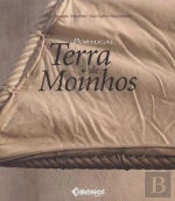 Portugal Terra de moinhos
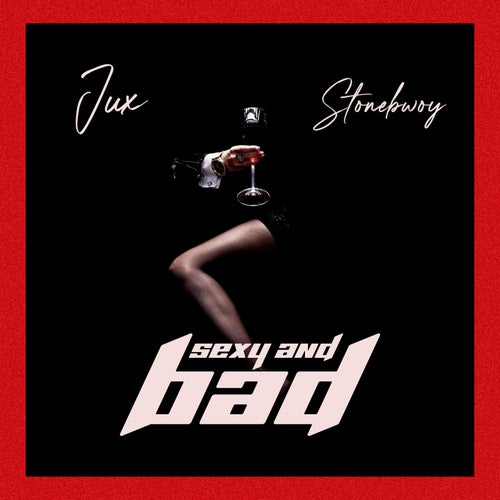 SEXY & BAD
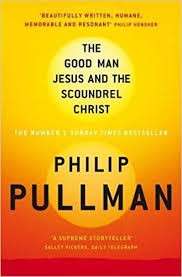 The Good Man Jesus And The Scoundrel Christ - Pullman, Philip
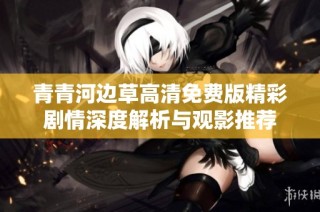青青河边草高清免费版精彩剧情深度解析与观影推荐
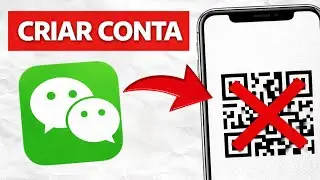 Como CRIAR Uma Conta No WeChat SEM QR Em 2026 | Guia Completo Passo A Passo WeChat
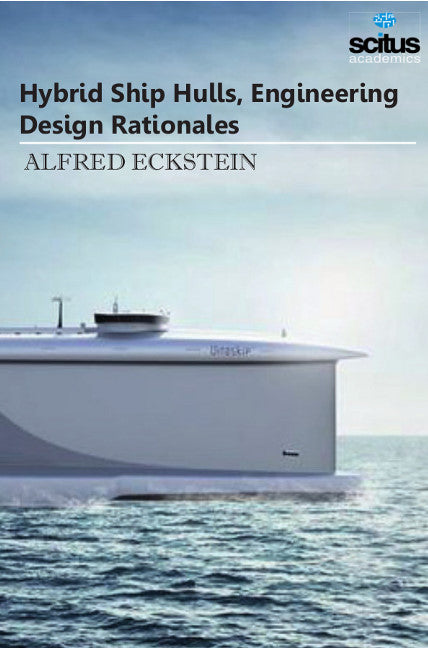 Hybrid Ship Hulls, Engineering Design Rationales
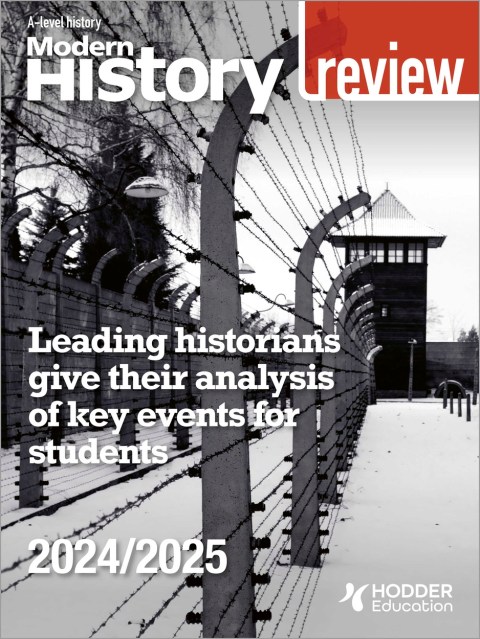 Modern History Review Magazine Volume 27, 2024/25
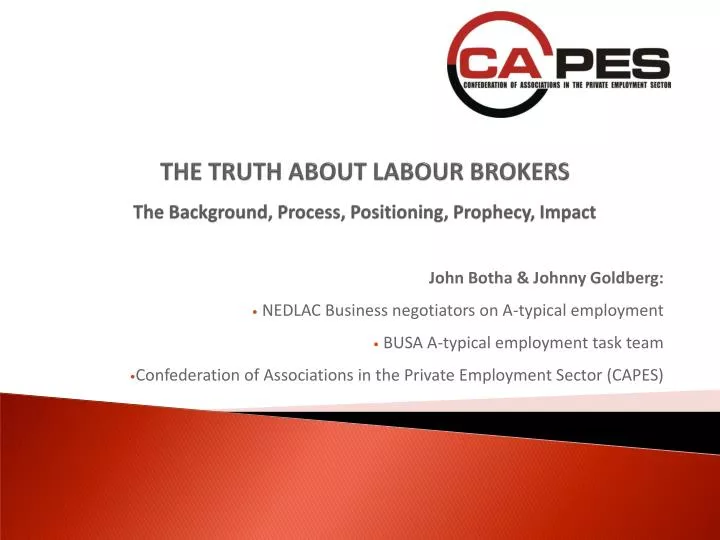 the truth about labour brokers the background process positioning prophecy impact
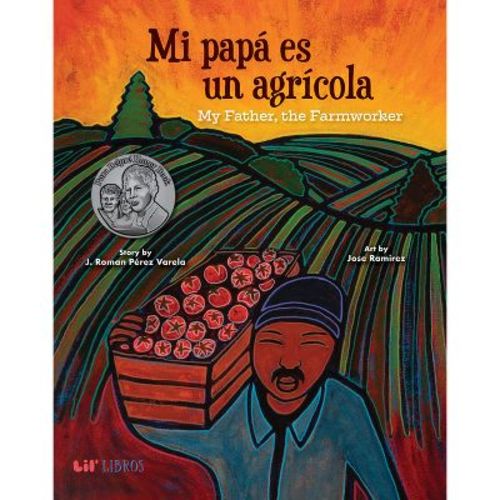 Mi Papá Es Un Agrícola / My Father, the Farm Worker - by J Roman Perez Varela (Hardcover)
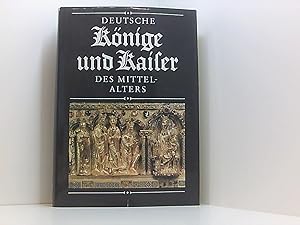 Bild des Verkufers fr Deutsche Knige und Kaiser des Mittelalters zum Verkauf von Book Broker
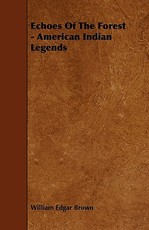 Echoes of the Forest - American Indian Legends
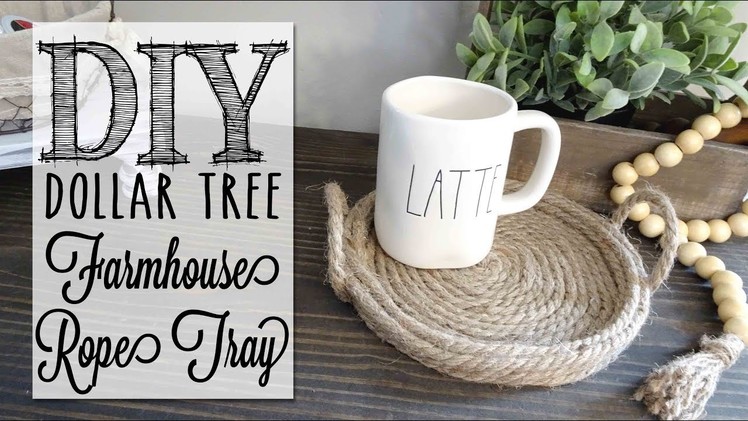 DIY Farmhouse Rope Tray |  Dollar Tree Hack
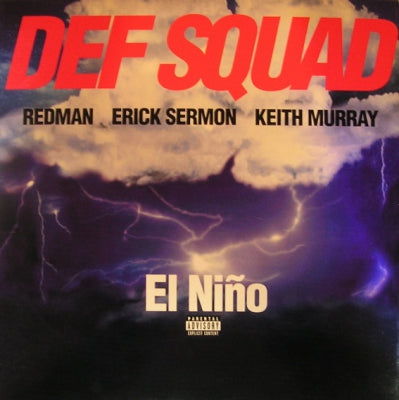 DEF SQUAD (ERICK SERMON, REDMAN, KEITH MURRAY) - El Niño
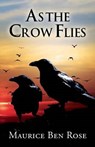 As the Crow Flies - ROSE,  Maurice Ben - 9781629078823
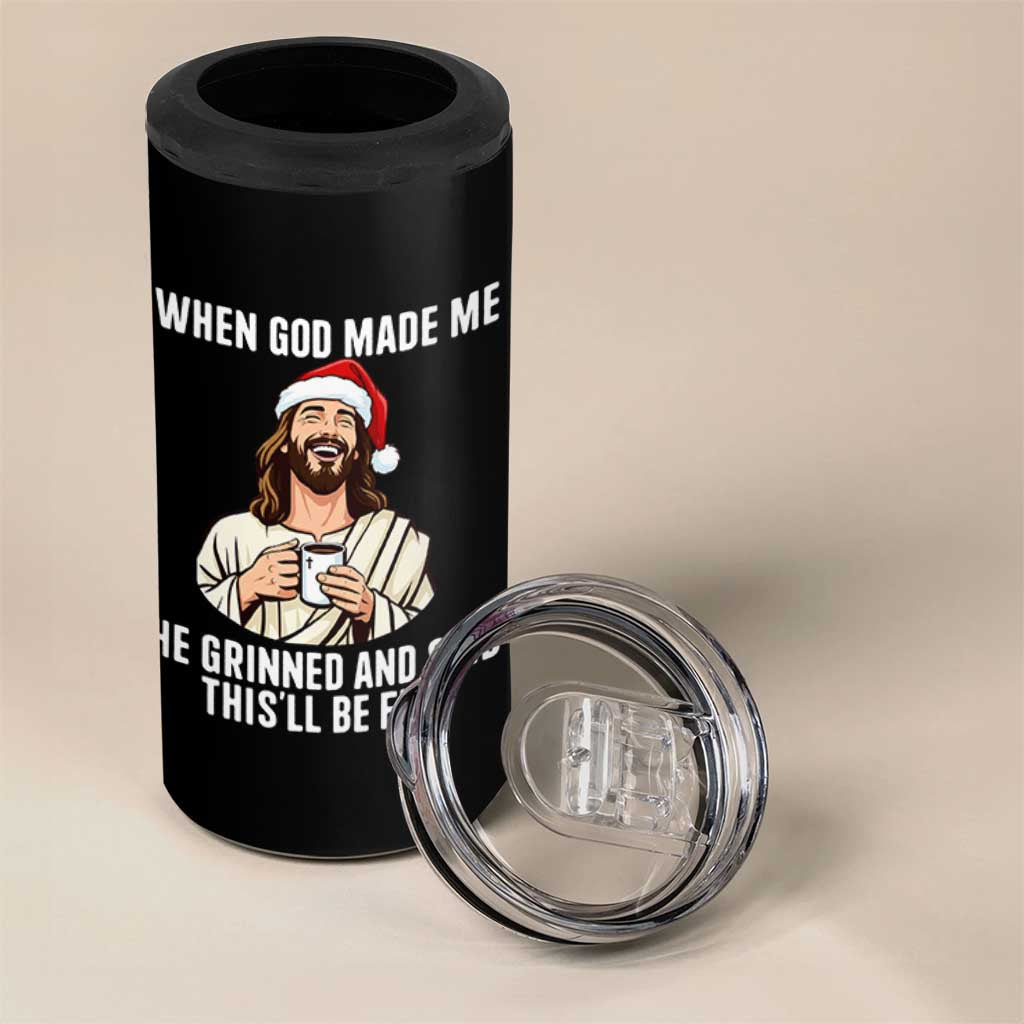 Funny Jesus Christian Christmas 4 in 1 Can Cooler Tumbler When God Made Me He Grinned And Said This Will Be Fun - Wonder Print Shop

● ● ● ●

-- Task item --
Print the records again exactly. Skip every picture.

-- Answer to this problem --
 Portugal Terra de moinhos
 SEXY & BAD
 The Good Man Jesus And The Scoundrel Christ - Pullman, Philip
青青河边草高清免费版精彩剧情深度解析与观影推荐
 Como CRIAR Uma Conta No WeChat SEM QR Em 2026 | Guia Completo Passo A Passo WeChat
 Hybrid Ship Hulls, Engineering Design Rationales
 Modern History Review Magazine Volume 27, 2024/25
 the truth about labour brokers the background process positioning prophecy impact
 Mi Papá Es Un Agrícola / My Father, the Farm Worker - by J Roman Perez Varela (Hardcover)
 Bild des Verkufers fr Deutsche Knige und Kaiser des Mittelalters zum Verkauf von Book Broker
 Echoes of the Forest - American Indian Legends
 DIY Farmhouse Rope Tray |  Dollar Tree Hack
 DEF SQUAD (ERICK SERMON, REDMAN, KEITH MURRAY) - El Niño
 As the Crow Flies - ROSE,  Maurice Ben - 9781629078823
 Funny Jesus Christian Christmas 4 in 1 Can Cooler Tumbler When God Made Me He Grinned And Said This Will Be Fun - Wonder Print Shop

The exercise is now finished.